Intervention de Staffan de Mistura

Commission des affaires étrangères, de la défense et des forces armées — Réunion du 4 mars 2015 à 9h45
Audition de M. Staffan de Mistura envoyé spécial du secrétaire général des nations unies pour la syrie

Staffan de Mistura, envoyé spécial du secrétaire général des Nations unies pour la Syrie :

J'aurais souhaité que vous me posiez une autre question que celle-ci ! J'ai en effet beaucoup hésité avant d'accepter cette mission. Ma famille considérait qu'avoir donné quarante-trois de ma vie était suffisant, et certains de mes prestigieux collègues, que je respecte énormément, ont estimé cette mission impossible. J'ai donc d'abord été tenté de refuser, mais j'ai fini par me dire que je ne pouvais le faire avant d'avoir au moins essayé ! La situation est de plus en plus complexe.

On peut toujours échouer, mais chacun doit profiter des ouvertures pour tenter d'apporter des solutions. Le Liban connaît aujourd'hui des difficultés. Si les Etats-Unis connaissaient la même proportion de réfugiés, il y aurait aujourd'hui l'équivalent de 100 millions de réfugiés en Amérique ! La Turquie en accueille 1,6 million, la Jordanie connaît de grandes difficultés, et la Syrie est sur le point de disparaître en tant que pays.

Il faut donc tenter de trouver des solutions, malgré le risque d'échec. Certaines maladies semblent incurables, et découvrir un médicament prend parfois énormément de temps. Pour autant, ne faut-il pas maintenir les patients vivants et réduire la souffrance ?
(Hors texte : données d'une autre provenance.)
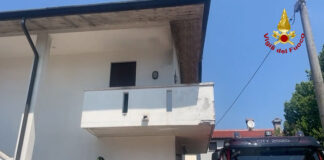Tezze sul Brenta, donna in stato confusionale cammina sul parapetto del terrazzo. Salvata da Vigili del Fuoco, Carabinieri e Suem Vigili del fuoco salvano donna a Tezze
Pour en revenir à la Syrie, vous avez très bien expliqué la situation actuelle au sud du pays. Ni la communauté internationale, ni le gouvernement de Bachar al-Assad n'ont compris, il y a trois ans, que le moment était venu d'affronter une révolte encore pacifique. Comme toujours, les choses se sont compliquées du fait des interventions étrangères et du terrorisme.

La situation, ainsi que vous l'avez démontré, est terriblement complexe. Un certain nombre d'intervenants veulent continuer la guerre pour des raisons économiques, mais les choses devraient se clarifier.

La combinaison des différentes alliances est pour le moment inextricable. On n'est pas très loin de ce qui se passait lors de la guerre en Afghanistan...

S'agissant des chrétiens de Syrie, j'ai rencontré la communauté assyrienne lorsque j'étais à Damas. C'est l'une des communautés chrétiennes les plus anciennes. Songez que ses membres parlent encore la langue qu'utilisait Jésus Christ ! Il est touchant de constater qu'ils ont conservé leurs vieilles traditions.

Il est vrai que beaucoup de personnes considèrent, surtout après l'intervention de Daech, que la région était plus tranquille auparavant. Certes, mais la guerre a tout changé et Daech en a profité, en se présentant comme le seul capable de se battre contre le régime. Ce qui favorise Daech, c'est l'exclusion de certaines communautés.

En Irak, les tribus qui se sont senties exclues avaient choisi de se rapprocher d'Al-Qaida et de Zarkaoui, le gouvernement de l'époque ayant commis l'erreur de les exclure davantage encore, malgré les Américains. C'est ainsi que Daech s'est constitué. La seule façon de lutter contre cette situation est de chercher à intégrer ces populations.

S'agissant des réfugiés, je dois dire avec beaucoup de satisfaction que l'Union européenne m'a beaucoup soutenu. Federica Mogherini, Haute représentante de l'Union pour les affaires étrangères et la politique de sécurité, a démontré que l'Europe pouvait et devait faire quelque chose, sans attendre que les problèmes se résolvent seuls. Si Alep bouge, l'Europe est prête à intervenir en matière humanitaire, pour prouver que réduire la violence n'amène que des avantages.

Il est vrai que le nombre de réfugiés a énormément augmenté, mais les oublier au bout de quatre ans de guerre serait une tragédie ! On doit expliquer à nos gouvernements, qui contribuent au financement de certaines opérations, qu'il faut garder espoir. Cette région ne doit pas devenir la Somalie. On ne doit pas attendre que tout soit fini en se voilant la face ! La Syrie ne faisait plus la une de l'actualité ; c'est Daech qui l'y a ramenée. Ma plus grande crainte aujourd'hui est qu'on oublie à nouveau ce pays.